The Monetary Authority of Singapore’s (MAS) managing director, Ravi Menon, said the following in a seminar on Monday:
“Adding frictions on retail access to cryptocurrencies is an area we are contemplating. “These may include customer suitability tests and restricting the use of leverage and credit facilities for cryptocurrency trading”.
He added that retail investors have been “irrationally oblivious” to the dangers involved in trading cryptocurrencies. The MAS established guidelines in January of this year to restrict cryptocurrency trading service providers from advertising their services to the general public. This was a move to protect small-scale investors from the market’s turbulence.

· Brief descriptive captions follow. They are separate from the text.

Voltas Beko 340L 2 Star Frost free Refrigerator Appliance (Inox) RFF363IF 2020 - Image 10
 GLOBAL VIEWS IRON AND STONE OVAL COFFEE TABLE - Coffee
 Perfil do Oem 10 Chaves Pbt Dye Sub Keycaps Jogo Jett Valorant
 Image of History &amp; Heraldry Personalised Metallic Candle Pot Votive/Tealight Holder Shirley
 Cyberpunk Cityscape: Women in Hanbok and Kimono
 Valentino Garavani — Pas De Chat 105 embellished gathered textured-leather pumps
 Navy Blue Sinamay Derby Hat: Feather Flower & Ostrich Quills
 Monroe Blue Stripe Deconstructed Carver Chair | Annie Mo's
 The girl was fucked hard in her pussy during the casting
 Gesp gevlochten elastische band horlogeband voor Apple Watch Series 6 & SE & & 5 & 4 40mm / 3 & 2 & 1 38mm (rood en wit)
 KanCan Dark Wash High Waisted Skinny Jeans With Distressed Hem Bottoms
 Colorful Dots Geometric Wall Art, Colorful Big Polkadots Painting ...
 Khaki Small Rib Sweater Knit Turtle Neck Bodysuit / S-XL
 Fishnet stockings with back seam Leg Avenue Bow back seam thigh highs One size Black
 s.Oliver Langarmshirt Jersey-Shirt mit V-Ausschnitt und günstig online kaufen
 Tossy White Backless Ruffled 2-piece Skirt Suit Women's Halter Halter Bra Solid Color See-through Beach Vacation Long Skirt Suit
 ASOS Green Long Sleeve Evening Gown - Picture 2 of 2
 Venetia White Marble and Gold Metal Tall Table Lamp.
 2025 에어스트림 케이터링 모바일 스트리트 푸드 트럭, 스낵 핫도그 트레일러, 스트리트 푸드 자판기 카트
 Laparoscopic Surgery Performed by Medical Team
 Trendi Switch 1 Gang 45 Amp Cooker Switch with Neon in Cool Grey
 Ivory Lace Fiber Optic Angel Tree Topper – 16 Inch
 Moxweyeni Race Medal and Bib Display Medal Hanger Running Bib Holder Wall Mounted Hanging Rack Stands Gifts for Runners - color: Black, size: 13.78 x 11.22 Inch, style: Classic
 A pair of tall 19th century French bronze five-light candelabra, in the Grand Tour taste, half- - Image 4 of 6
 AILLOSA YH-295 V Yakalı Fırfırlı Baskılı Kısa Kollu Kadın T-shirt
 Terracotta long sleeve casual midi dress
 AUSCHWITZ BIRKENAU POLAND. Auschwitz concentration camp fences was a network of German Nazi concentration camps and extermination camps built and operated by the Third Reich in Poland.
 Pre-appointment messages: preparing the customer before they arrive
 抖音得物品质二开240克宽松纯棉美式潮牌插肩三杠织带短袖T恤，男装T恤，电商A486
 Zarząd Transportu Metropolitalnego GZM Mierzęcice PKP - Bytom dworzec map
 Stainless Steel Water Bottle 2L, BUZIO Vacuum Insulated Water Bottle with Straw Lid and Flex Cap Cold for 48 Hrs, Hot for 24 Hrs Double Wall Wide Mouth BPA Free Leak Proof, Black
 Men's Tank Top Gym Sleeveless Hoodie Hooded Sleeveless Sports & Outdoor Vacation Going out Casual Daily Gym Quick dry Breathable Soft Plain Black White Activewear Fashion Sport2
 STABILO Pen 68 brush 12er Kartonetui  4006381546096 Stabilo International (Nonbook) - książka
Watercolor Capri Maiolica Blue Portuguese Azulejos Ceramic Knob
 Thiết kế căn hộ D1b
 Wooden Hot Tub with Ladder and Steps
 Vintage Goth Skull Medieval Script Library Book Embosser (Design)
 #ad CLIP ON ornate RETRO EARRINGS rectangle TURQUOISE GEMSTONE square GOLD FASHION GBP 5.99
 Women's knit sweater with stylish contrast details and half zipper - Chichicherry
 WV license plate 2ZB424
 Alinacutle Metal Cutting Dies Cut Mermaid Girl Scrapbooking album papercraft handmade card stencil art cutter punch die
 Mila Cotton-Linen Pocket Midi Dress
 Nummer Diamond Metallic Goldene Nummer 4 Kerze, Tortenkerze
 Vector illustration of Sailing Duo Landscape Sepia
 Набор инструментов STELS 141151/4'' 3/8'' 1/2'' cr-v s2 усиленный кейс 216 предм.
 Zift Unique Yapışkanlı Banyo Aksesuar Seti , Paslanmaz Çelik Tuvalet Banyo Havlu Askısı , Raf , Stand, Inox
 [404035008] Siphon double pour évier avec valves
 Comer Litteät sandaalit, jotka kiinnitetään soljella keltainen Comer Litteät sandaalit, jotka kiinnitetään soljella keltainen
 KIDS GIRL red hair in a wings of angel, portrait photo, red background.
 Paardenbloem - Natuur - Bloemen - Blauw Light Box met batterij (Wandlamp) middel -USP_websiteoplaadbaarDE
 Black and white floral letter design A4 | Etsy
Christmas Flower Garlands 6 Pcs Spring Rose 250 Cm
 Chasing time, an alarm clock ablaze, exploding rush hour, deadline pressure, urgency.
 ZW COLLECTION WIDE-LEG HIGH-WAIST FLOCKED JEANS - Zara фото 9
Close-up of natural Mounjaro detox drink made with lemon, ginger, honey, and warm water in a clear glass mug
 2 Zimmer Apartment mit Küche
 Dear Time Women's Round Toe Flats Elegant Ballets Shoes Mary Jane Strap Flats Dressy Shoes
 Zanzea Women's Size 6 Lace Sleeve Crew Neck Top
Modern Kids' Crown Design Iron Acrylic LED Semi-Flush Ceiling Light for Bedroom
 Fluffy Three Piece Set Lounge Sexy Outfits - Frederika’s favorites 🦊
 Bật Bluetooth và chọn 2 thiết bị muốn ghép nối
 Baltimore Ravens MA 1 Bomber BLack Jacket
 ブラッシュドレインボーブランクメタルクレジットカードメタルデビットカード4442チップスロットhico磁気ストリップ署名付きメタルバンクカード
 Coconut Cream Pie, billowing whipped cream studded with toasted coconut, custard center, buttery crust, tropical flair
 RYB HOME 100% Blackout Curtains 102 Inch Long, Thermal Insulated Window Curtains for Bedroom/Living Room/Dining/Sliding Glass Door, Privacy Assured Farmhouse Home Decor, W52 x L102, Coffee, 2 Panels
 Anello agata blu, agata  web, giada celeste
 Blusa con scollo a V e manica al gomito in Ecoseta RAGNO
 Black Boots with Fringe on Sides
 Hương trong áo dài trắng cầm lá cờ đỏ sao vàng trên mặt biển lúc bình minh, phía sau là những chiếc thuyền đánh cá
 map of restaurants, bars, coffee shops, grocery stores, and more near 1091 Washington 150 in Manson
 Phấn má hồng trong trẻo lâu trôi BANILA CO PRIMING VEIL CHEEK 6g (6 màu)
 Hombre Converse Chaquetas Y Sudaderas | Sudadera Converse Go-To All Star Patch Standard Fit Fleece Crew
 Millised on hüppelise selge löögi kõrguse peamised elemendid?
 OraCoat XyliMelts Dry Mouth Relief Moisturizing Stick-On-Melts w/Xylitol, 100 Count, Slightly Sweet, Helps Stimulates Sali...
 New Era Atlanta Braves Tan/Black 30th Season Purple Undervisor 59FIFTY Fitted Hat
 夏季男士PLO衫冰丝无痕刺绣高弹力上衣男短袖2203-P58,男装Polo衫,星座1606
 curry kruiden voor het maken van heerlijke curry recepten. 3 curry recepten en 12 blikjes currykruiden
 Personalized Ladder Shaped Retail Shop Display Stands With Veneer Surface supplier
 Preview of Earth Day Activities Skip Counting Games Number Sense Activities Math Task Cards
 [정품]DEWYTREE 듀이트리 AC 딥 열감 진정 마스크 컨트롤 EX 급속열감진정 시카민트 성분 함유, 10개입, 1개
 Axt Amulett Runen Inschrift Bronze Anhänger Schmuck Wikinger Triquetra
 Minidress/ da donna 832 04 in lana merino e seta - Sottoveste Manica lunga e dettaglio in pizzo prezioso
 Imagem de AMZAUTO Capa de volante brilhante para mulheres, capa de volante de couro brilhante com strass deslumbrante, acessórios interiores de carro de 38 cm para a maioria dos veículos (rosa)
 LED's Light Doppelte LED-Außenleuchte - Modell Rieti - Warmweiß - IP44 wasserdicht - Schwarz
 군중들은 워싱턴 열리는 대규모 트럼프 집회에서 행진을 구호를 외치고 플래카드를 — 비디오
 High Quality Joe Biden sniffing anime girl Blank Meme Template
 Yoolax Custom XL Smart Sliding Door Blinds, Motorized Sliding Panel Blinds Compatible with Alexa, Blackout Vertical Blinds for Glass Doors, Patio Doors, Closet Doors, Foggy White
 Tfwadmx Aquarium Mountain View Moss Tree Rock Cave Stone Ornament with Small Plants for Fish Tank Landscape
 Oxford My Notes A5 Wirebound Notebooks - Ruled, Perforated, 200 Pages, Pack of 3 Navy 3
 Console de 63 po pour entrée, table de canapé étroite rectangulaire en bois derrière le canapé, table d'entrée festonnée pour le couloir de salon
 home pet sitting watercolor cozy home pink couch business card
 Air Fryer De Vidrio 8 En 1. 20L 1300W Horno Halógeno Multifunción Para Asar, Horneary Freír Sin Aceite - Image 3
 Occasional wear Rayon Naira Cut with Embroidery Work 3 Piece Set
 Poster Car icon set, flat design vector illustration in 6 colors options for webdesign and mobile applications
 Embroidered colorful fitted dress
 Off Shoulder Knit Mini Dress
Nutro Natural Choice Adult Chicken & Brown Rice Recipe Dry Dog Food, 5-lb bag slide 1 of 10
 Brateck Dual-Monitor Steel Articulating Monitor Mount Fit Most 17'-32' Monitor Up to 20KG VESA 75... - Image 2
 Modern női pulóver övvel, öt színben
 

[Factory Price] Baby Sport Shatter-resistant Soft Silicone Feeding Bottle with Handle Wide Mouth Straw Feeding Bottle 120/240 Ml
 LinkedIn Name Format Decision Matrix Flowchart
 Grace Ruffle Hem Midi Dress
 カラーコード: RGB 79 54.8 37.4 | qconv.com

MAS Is Moving Forward with Crypto Regulations
The MAS is implementing new measures to introduce crypto rules into the nation in order to address the ongoing liquidity problem and withdrawals, particularly with the present situation with the troubled hedge fund Three Arrows Capital.
All businesses holding MAS’s Digital Payment Token licenses received thorough questionnaires from the central bank of Singapore last week. The objective, according to the Bloomberg article, was to gather “very granular information” on the operations and assets of the scrutinized crypto businesses.
The MAS seeks to examine the interdependence and financial stability of crypto companies. The collapse of the hedge firm Three Arrows Capital this year has dealt a serious blow to the cryptocurrency markets.
The top lending and borrowing counterparties, top tokens owned, top tokens staked via decentralized finance protocols, and the amount loaned are just a few of the critical information that the MAS is aiming to gather from cryptocurrency enterprises.
The head of MAS, Ravi Menon, stated that they have been working on a regulatory framework last month in July. Consumer protection, market behaviour, and reserve backing for stablecoins will all be covered by this framework.